65. Intelligence Appraisal1

IAPPR 336–77



Within the past year, and particularly the last few months, the Peoples Republic of China has expanded its exchange of military-related delegations with other nations along the ideologic and economic spectrums. In addition to proclaiming the need for vigilance on the USSR’s perfidy and for concern over US unreliability, Peking has used these exchanges to assess available foreign military equipment and technology, and to establish military contacts with countries that have a stake in the struggle between the two Superpowers.

The military visits and statements made by Chinese officials reveal Peking’s appreciation of its own military strengths and weaknesses as well as its determination to correct any deficiencies in the Peoples Liberation Army through modernization. The personal involvement of Vice-Premier Teng Hsiao-ping in the military modernization program underscores the importance attached to this undertaking. Although Peking is somewhat restricted by the lack of available foreign exchange and by its limited technical capability to absorb modern technology, it apparently intends to import more foreign military weapons and technology to support this modernization. If Peking can enhance and mobilize its technical resources and can adopt a more flexible stance on foreign indebtedness, then it could significantly improve its military capability during the next few years by concentrating on the most serious deficiencies.

[Omitted here is the discussion section of the appraisal.]


The Chinese will continue to attack Soviet “expansionism” through every means possible.
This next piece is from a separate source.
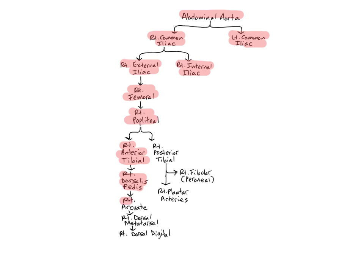The arcuate arteries branch off the dorsalis pedis arteries on the dorsum of the foot and run laterally over the bases of the metatarsals. The name arcuate means arched or bowed, which describes the shape of these arteries. They supply the tarsal bones and metatarsal bones.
The exchange of military delegations will most likely slacken as Peking reviews the results of recent delegation visits. A few major purchases of modern weapons or technology will probably (75 percent) be made. However, given the economic and technical constraints on the PRC, the amount of arms traded should remain relatively small and will have only a limited impact on Peking’s military capabilities and on its role as an arms supplier in the near fu[Page 259]ture. Nevertheless, Peking has obviously embarked on a new phase of military modernization and intends to import foreign military equipment and production technology. These purchases will forge ties with European weapons producers and will ultimately strengthen China’s defenses against the Soviets. The modernization effort will not include any large-scale direct participation by the US under the current status of relations between the two countries, and the USSR can be expected to issue strongly worded denunciations of any arms and technology purchases made by China.

Prepared by: [name not declassified]

  1. Source: Carter Library, National Security Affairs, Staff Material, Far East, Oksenberg Subject File, Box 24, Arms Sales: 4–11/78. Secret; Noforn; Nontract; Orcon.